伏見稲荷大社②


「これ、どっちからいくんだろう?」


 暗がりに入って、上へ向かう階段を見つけてしまった。そのせいで、私たちは行く道に迷っている。

 目の前にあった案内板を見つめること数分。いまだに答えはでない。なぜなら、そこに正解の道が書かれていないから。

 地図の前で立ち竦みながら、まだまだ騒ぎ足らない様子の一団を見つめる。「元気だなー」と思わずこぼれた声は、誰にも拾われることなく溶けていった。

 視界の端を、ひとりぼっちのおじさんが横切る。


「一ノ峰に向かうわけだし、三ノ峰がある方で登ってみる?」

「暗くない?」

「まあ、そうだけど」


 おじさんが消えた暗がりを二人で眺めながら、唸る。続く暗闇に恐怖心はないものの、人通りの少なさに心細さを感じる。

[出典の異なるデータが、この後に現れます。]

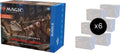 Image for Commander Legends: Battle for Baldur's Gate - Bundle Case - Magic: The Gathering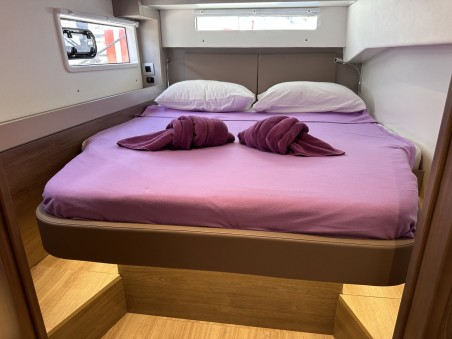 Catana Group Bali 4.2 - 4 + 1 cab. Joyous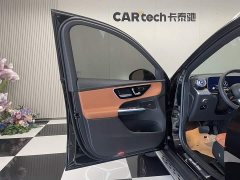Mercedes-Benz GLC 2023 facelift GLC 300 L 4MATIC dynamic 5-seater - ფოტო 15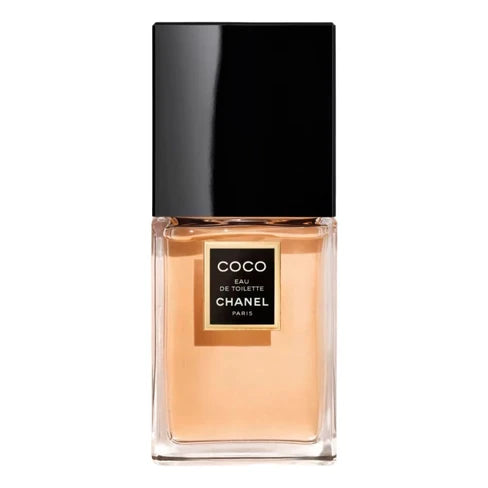 Coco Chanel Fragance Eau de Toilette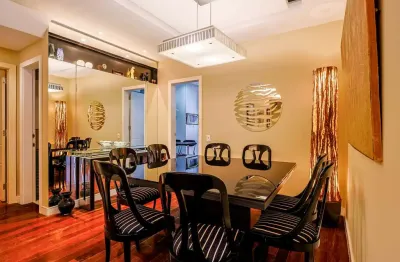 Apartamento à venda na avenida alexandre ferreira, lagoa, rio de janeiro - rj
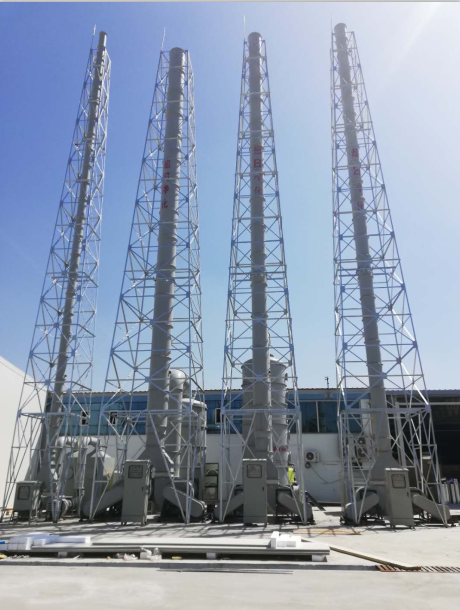 土耳其太陽能光伏行業工程案例 土耳其太陽能光伏行業工程案例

 なんだか納得していなさそうな、友達の決断を待つ。じゃあ、行こうか。と、半ば自分に言い聞かせるよな友達の言葉で、暗がりに足を踏み入れた。さっきまでの明るさを背に、一ノ峰に向かって歩く。

 登山する友達に食らいついていると、すぐにさっきのおじさんに追い付いた。おじさんのライトが、おじさんの足元と私たちの方を行き来しながら揺れている。


「ライトは前を照らせよ」


 項垂れる友達はどうやら、揺れる光に酔い始めたようだ。なんだか気持ち悪いと、胸元を抑えはじめた。

 早足になった友達に、へとへとになりながらついていく。おじさんを追い越して、さらに上へ登っていく。徐々に間が開きはじめ、三段五段十段と、友達から引き離されていく。追い付くことを諦めた私は、真っ暗な階段をノルマのように登っていった。


「お待たせしました」

「いえいえ」


 やっとたどり着いた頂上では、友達が待ってくれていた。友達は拝殿から延びる列の最後尾を指差す。 少しずつ進みながら、最後の階段を登っていく。

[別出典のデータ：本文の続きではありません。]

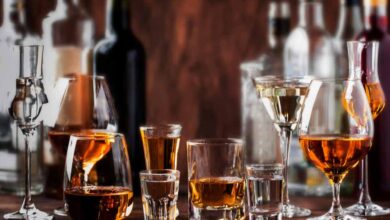 भारत में सबसे अधिक शराब पीने वाले राज्य है छत्तीसगढ़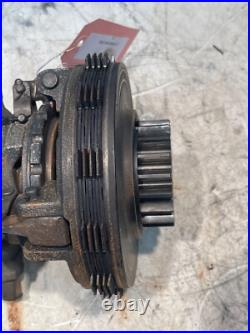 1963 Minneapolis Moline M602 Tractor Transmission Input Shaft Ampli Torc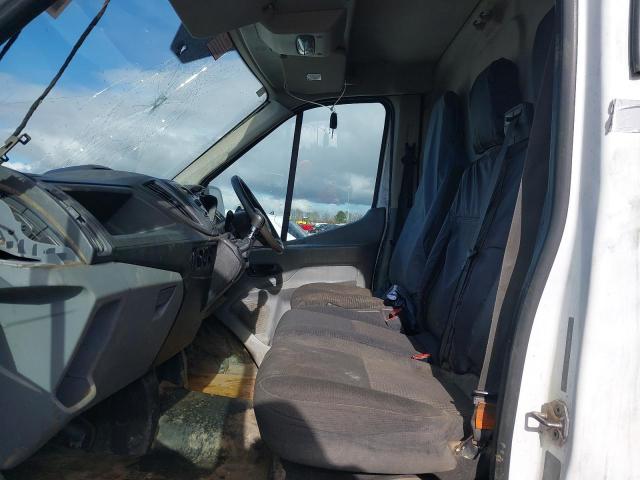 Aukcja sprzedaży 2016 Ford Transit 35, vin: WF0XXXTTGXFM21326, numer aukcji: 43891554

 目の前に数人。拝殿が覗ける場所にやって来た。祠は小さく、横に並べても二人がギリギリだろう。だからか、参拝は一人づつ行われていた。

 本当は一人づつじゃなくて良いんだろうな。なんて気がしながらも、前の人に習って一列に並んでしまうのは、日本人の習性だろうか。友達に先を譲って、その頭が上がるのをジッと待った。


「どっち?」

「こっちから登ってきたし、あっちじゃない?」


 参拝を終えて、列の脇をすり抜けて階段を下る。二手に別れた道に、私たちはまた立ちすくんだ。そしてまた、前の人に習う形で、道を決めた。今度は、明かりに満ちた道だ。だけど友達は相変わらずの足取りで、新年の空気を楽しむ暇も無い。また置いていかれるだろうか。なんて思ったが、なんとか食らいついた。登ってきた時より人通りが多く、遅れてしまうと途端にはぐれてしまいそうだったのだ。

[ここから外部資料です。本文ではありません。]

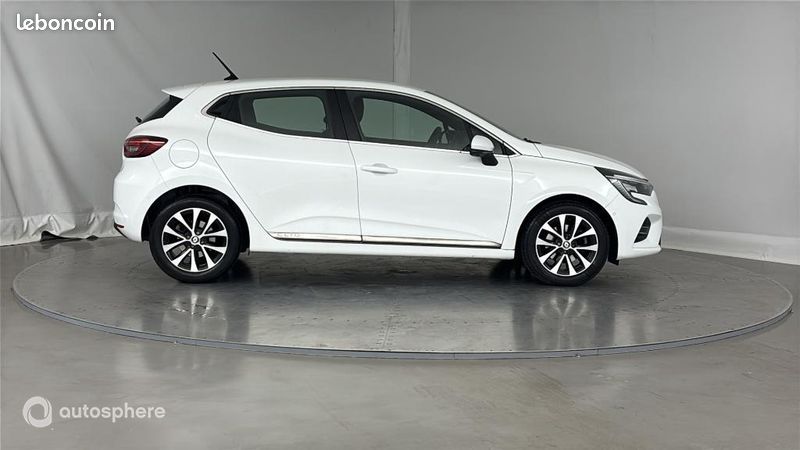 Renault Clio 1.3 TCe 140ch Intens -21N (image 4)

 徐々に息切れが激しくなる。自分の体力のなさに、苦笑をこぼすこともままならない。いつの間にか下方に固定された視界に気づいた。それが悪かったのかと、少しでも気分が盛り上がればと、勢いよく顔をあげてみる。

 ちょうど曲がり角。そこには、眩く煌めく夜景が視界いっぱいに広がった。


「すご、綺麗」


 息を呑む。その素晴らしさに、すぐに友達の背中を探した。だけど、友達の背中は遠ざかる一方だった。その背中はすでに別方向を見ていて、夜景に興味がないことを知らせてくる。

 追いかけることは野暮だろうか。

 私は夜景に足を止めた人の群れの隙間に滑り込む。数秒、その夜景に感嘆した。友達に後ろ髪を引かれる思いで、私はカメラを掲げた。

 参拝の時は、写真を撮らない。神社やお寺など、境内で写真をとることは、私の中では禁じ手だった。どこかでバチが当たる行為と思っていた。

 神社の写真を撮る訳じゃない。夜景は、たいして綺麗に写らないだろう。分かっていても、カメラを向けずにはいられなかった。

 この感動に、友との共有に、新年の思い出に。

 シャッターを押す。やっぱりこの素晴らしい輝きをそのまま捉えることははできなかったけど、思わず笑顔がこぼれた。